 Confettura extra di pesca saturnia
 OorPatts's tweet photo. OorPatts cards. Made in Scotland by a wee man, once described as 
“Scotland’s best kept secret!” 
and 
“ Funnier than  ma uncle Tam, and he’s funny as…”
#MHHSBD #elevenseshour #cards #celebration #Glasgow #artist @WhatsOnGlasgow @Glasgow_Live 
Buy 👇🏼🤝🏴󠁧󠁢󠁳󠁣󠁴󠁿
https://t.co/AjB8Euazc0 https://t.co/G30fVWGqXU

#####

Task objective
For this exercise, please retype exactly the lines in the listing from the line with "OorPatts's tweet photo." through its last line, both ends included.

Finished exercise
 OorPatts's tweet photo. OorPatts cards. Made in Scotland by a wee man, once described as 
“Scotland’s best kept secret!” 
and 
“ Funnier than  ma uncle Tam, and he’s funny as…”
#MHHSBD #elevenseshour #cards #celebration #Glasgow #artist @WhatsOnGlasgow @Glasgow_Live 
Buy 👇🏼🤝🏴󠁧󠁢󠁳󠁣󠁴󠁿
https://t.co/AjB8Euazc0 https://t.co/G30fVWGqXU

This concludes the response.